XdsClient ClusterWatcher Changes

New fields will be added to the data structure reported to the ClusterWatcher to represent logical DNS and aggregate clusters. Specifically:

cluster type (EDS, logical DNS, or aggregate)
for logical DNS clusters, the DNS name to resolve (in "host:port" form)
- Using the Cluster proto field load_assignment.endpoints[0].lb_endpoints[0].endpoint.address.socket_address, the host is the address field and the port is the port_value field.
for aggregate clusters, a prioritized list of underlying cluster names
- When the Cluster proto field cluster_type.typed_config is parsed as a message of type type.googleapis.com/envoy.extensions.clusters.aggregate.v3.ClusterConfig, this list is the clusters field of that message.

The existing field for the EDS service name will be used only when the cluster type is EDS.

The existing field for the LRS load reporting server name will not be used in clusters that are pointed to by an aggregate cluster.

CDS LB Policy Support for Aggregate and Logical DNS Clusters

When the XdsClient informs a CDS policy that the cluster is an aggregate cluster, the CDS policy must start watches for the underlying clusters as well, so that it knows what mechanisms will need to be used for endpoint discovery. Note that it is possible for an aggregate cluster to point to another aggregate cluster, so this process may be recursive; the CDS policy should create all necessary cluster watchers to ensure that it has all of the necessary data.

For example:

CDS policy is created for cluster A and starts CDS watch for cluster A.
CDS watch for A indicates that it is an aggregate cluster pointing to clusters B and C.
CDS policy starts CDS watches for B and C.
CDS watch for B indicates that it is an EDS cluster.
CDS watch for C indicates that it is an aggregate cluster pointing to clusters D and E.
CDS policy starts CDS watches for D and E.
CDS watch for D indicates that it is an EDS cluster.
CDS watch for E indicates that it is a logical DNS cluster.
CDS policy will therefore use the following discovery mechanisms, in order: [EDS for B, EDS for D, logical DNS for E].

Each underlying cluster will have an associated discovery mechanism. The ordered list of discovery mechanisms will be passed down in the config for the new xds_cluster_resolver_experimental policy, which is the child of the CDS policy. If an underlying cluster appears more than once in the list of clusters, only one discovery mechanism entry should be created for it, in the earliest position in the list in which it is seen.

Note that if a cluster is used both by itself and via an aggregate cluster, the XdsClient will have two CDS watchers for the cluster from two different CDS policies. However, this should not change the communication between the xDS client and xDS server, because duplicate watchers for the same resource will still yield only one subscription on the ADS stream. When the xDS server sends an update for that resource, the XdsClient should notify both watchers.

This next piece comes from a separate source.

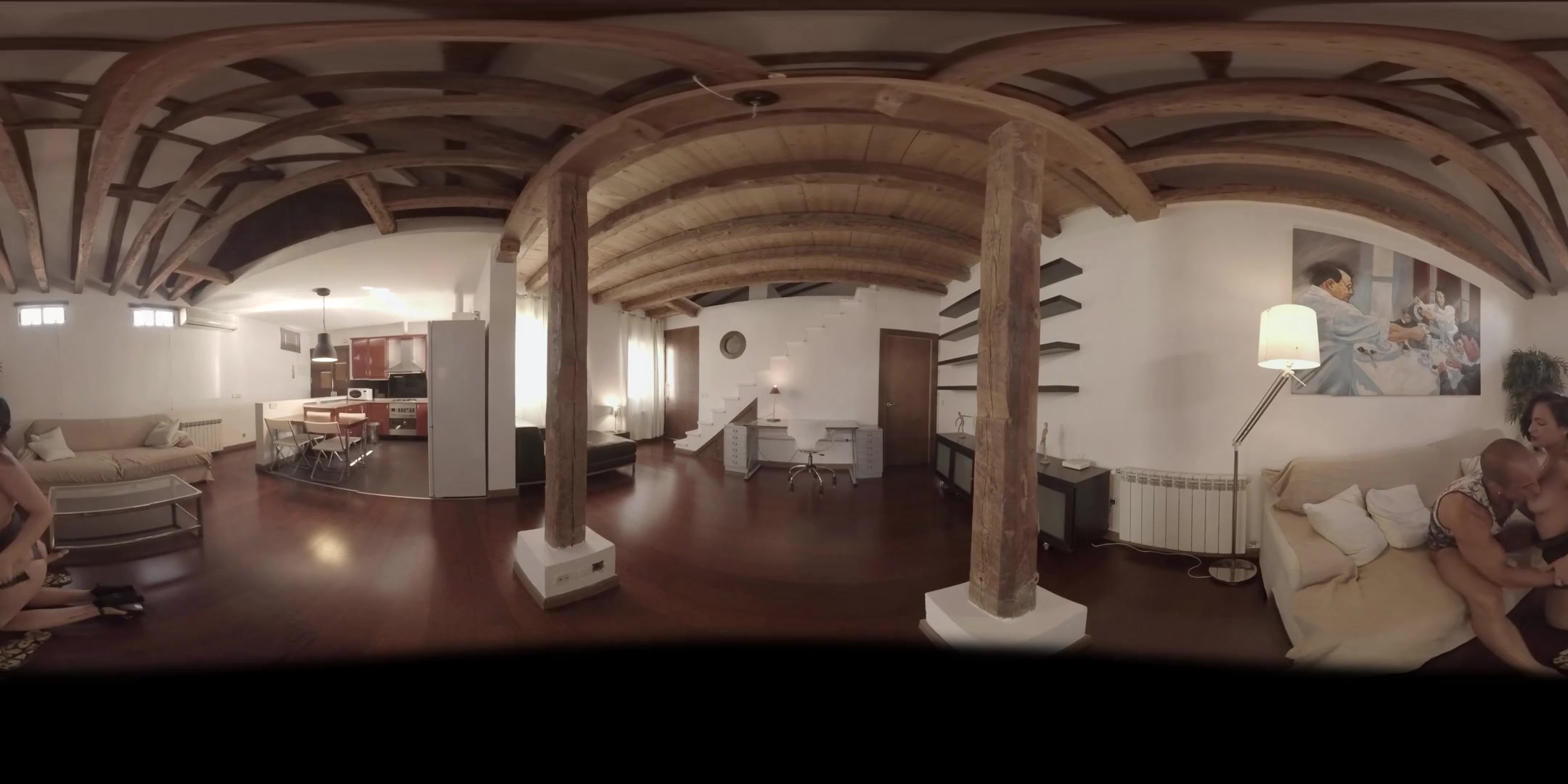 Claudia Bavel in The Penthouse: First Approach - VirtualPorn360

Also, if a cluster is used both by itself and via an aggregate cluster, gRPC will create duplicate connections to the endpoints in that cluster. This is not ideal but is considered acceptable (and if it becomes a problem, we might be able to fix this later via subchannel pooling functionality). However, we will share the atomic used for circuit breaking thresholds across all connections for a given cluster, as discussed below.

The tree of aggregate clusters has a depth limit of 16. If a CDS policy's tree exceeds that depth, it should report that it is in TRANSIENT_FAILURE.

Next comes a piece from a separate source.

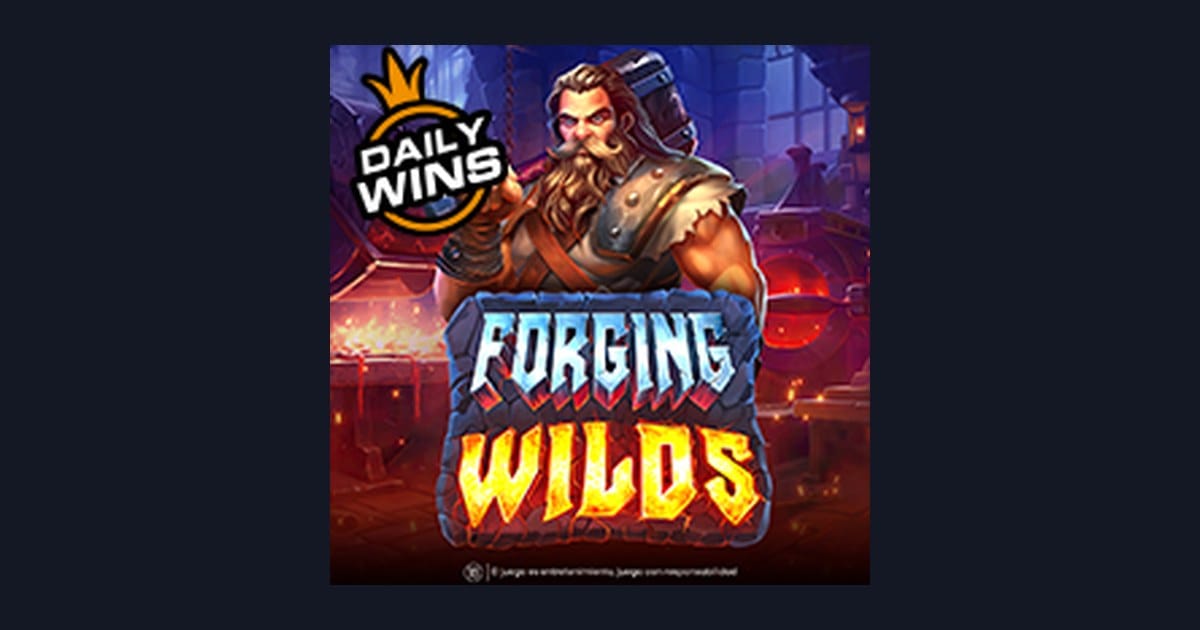Nikmati Serunya Slot Forging Wilds di Situs Slot Terpercaya LTE4D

If any of a CDS policy's watchers reports that the resource does not exist, the policy should report that it is in TRANSIENT_FAILURE. If any of the watchers reports a transient ADS stream error, the policy should report that it is in TRANSIENT_FAILURE if it has never passed a config to its child.

In an aggregate cluster, the locality_picking_policy and endpoint_picking_policy fields of the xds_cluster_resolver_experimental policy config (see below) come from the aggregate cluster, not the underlying clusters. Currently, we do not support any LB policy except ROUND_ROBIN, so this decision is moot. The CDS policy can either hardcode those fields with their default values, or leave them empty and let the xds_cluster_resolver_experimental policy apply those defaults. In the future, when other LB policies are supported, these fields will be derived from the aggregate cluster.

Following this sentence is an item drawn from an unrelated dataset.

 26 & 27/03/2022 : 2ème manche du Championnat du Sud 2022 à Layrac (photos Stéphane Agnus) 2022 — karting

Splitting up EDS LB Policy

We will split up the EDS LB policy into two pieces:

An xds_cluster_resolver_experimental policy, which will resolve endpoint addresses. This will be the immediate child of the CDS policy, just like the EDS policy is today. However, it will handle endpoint resolution for both EDS and logical DNS clusters, and in the aggregate cluster case, it will do both of those in a single policy.
An xds_cluster_impl_experimental policy, which will handle the actual functionality for a given cluster, such as circuit breaking and EDS drops. (In the future, we will also move load reporting into this policy.) This policy will be the immediate child of the priority policy, above the weighted_target_experimental policy. Moving this functionality to that point in the tree will allow us to use different settings for each cluster underlying a single aggregate cluster.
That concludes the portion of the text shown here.